<h1>What is word2vec?</h1>
<p>Word2vec is a machine learning method to efficiently create `word embeddings`.</p>

Every word is transformed into a numeral sequence or an array of numbers: 
`multi-dimensional meaning representations of a word`

The vector data of one word `banana` can look like:
```
    array([2.02280000e-01,  -7.66180009e-02,   3.70319992e-01,
       3.28450017e-02,  -4.19569999e-01,   7.20689967e-02,
      -3.74760002e-01,   5.74599989e-02,  -1.24009997e-02,
       5.29489994e-01,  -5.23800015e-01,  -1.97710007e-01,
      -3.41470003e-01,   5.33169985e-01,  -2.53309999e-02,
       1.73800007e-01,   1.67720005e-01,   8.39839995e-01,
       5.51070012e-02,   1.05470002e-01,   3.78719985e-01,
       2.42750004e-01,   1.47449998e-02,   5.59509993e-01,
       1.25210002e-01,  -6.75960004e-01,   3.58420014e-01,
       # ... and so on ...
       3.66849989e-01,   2.52470002e-03,  -6.40089989e-01,
      -2.97650009e-01,   7.89430022e-01,   3.31680000e-01,
      -1.19659996e+00,  -4.71559986e-02,   5.31750023e-01], dtype=float32)
    
```
To better visualize what w2v: [illustrated word2vec](http://jalammar.github.io/illustrated-word2vec/)

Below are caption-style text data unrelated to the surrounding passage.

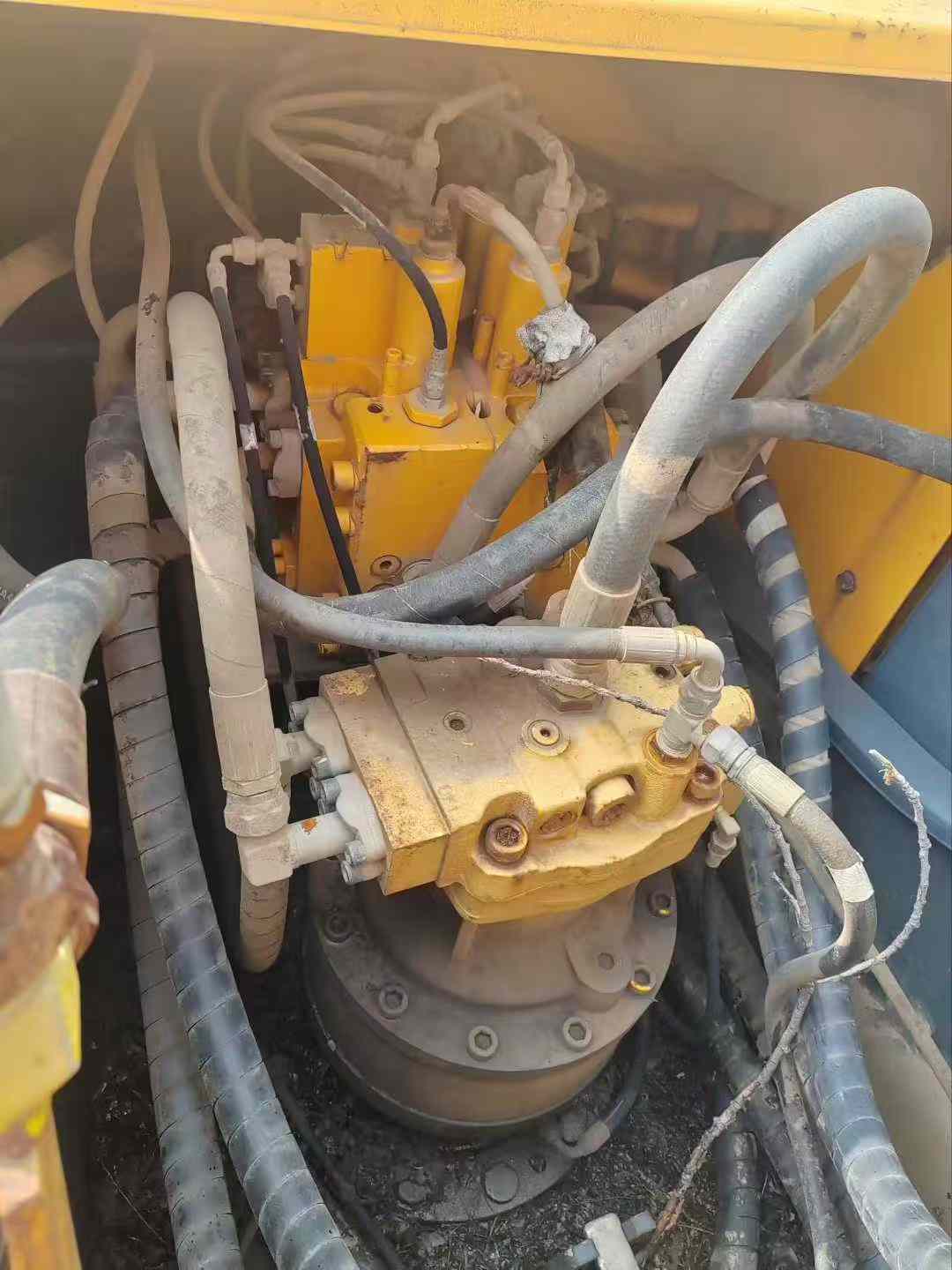 Used Hyundai R225LVS Excavator 2016 Model / 2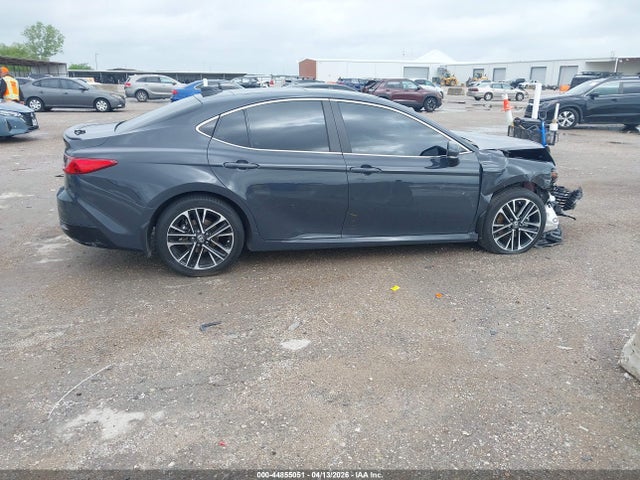 Toyota Camry Xle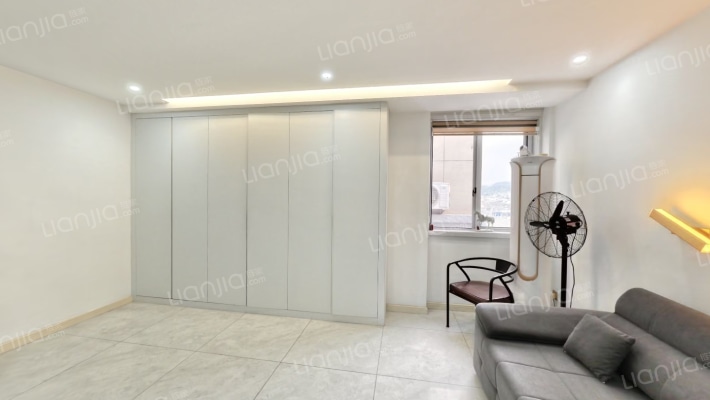 兴业大厦二手房实景图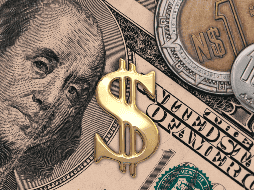 Considera que la cotización del dólar frente al peso mexicano fluctúa a lo largo del día debido a los factores de oferta-demanda. ESPECIAL/Canva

By knowing vector data of words, we can do many interesting things:
1. Similarity among words
1. Linear algebra among words 
1. Recommendation engines
1. ...

<h1> What are we doing today?</h1>

1. Use the Seinfeld wordlist we just prepared
1. Use spaCy word2vec model to vectorize a single word then many words
1. Explore semantic similarity among words using math
1. Create a fun method that transform any song title or lyrics into Seinfeld-themed word combination



# Take a look at our words

In [10]:
# We will import the prepared word list first then split them into a list
file = open('../data_prep/seinfeld_tokens.txt','r')
seinfeld_tokens = file.read().lower().split('\n')
print("There are %d unique word tokens in our Seinfeld word collection." %(len(seinfeld_tokens)))

# Let's randomly print our 10 of them
print(seinfeld_tokens[12000:12010])

There are 18209 unique word tokens in our Seinfeld word collection.
['plotting', 'ploughing', 'ploy', 'pluck', 'plug', 'plugged', 'pluggin', 'plugola', 'plugs', 'plum']


# Vectorize words with spaCY

We will use spaCy's w2v model - a Natural Language Processing library that contains pre-trained vector data of common vocabularies.

> spaCy w2v documentation [here](https://spacy.io/usage/vectors-similarity)

Before we start, if you haven't downloaded spaCy, remember to pip install. Also download the medium size spaCy model, which contains word vectors data.

```python
!pip install spacy
python -m spacy download en_core_web_md

```

In [12]:
# Import spaCy and load spaCy medium model
import spacy
nlp = spacy.load("en_core_web_md")

In [15]:
# Look up vector data of words
nlp.vocab["banana"].vector
# Define a function for getting word vector data
def vec(word):
    return nlp.vocab[word].vector

In [24]:
# Look up vector of random words from our seinfeld_tokens 
from random import choice
random_seinfeld_word = choice(seinfeld_tokens)
print(random_seinfeld_word)
#vec(random_seinfeld_word)

fleas


# Vector Math

If words are represented in vectors, then we can use vector math on them?

Imagine:
1. "King" - "Man"
1. "Apple" + "Purple"

# Word Similarity

Since we have vector data of words, it also means we have positions of these words in a multi-dimensional space(100-300 dimensions)
All these words are located in relation to each other in a larger word context. In a nutshall, when the machine is training to assign/identify positional data of each word, it's looking at where and what other words this word is usually with. 

If all these words are two dimensional, with only an x and y coordinate, we can probably imagine them scattered on a 2-D coordinate. 
Anna and I made a little game a while ago where we used the same Seinfeld raw text and plotted everything on a two-dimensional vector space. You can find that multi-dimensional reduction process [here](https://github.com/lanzhang76/toast/blob/master/word-processing/w2v_SNE_graph/w2v_t-SNE_Seinfeld.ipynb).

We can also compare similarity among words by comparing their distances with each other.

Popular methods for calculating vector distance are:
1. Euclidean Distance (good for two-dimensional vector)
1. Cosine Similary (good for multi-dimensional vector)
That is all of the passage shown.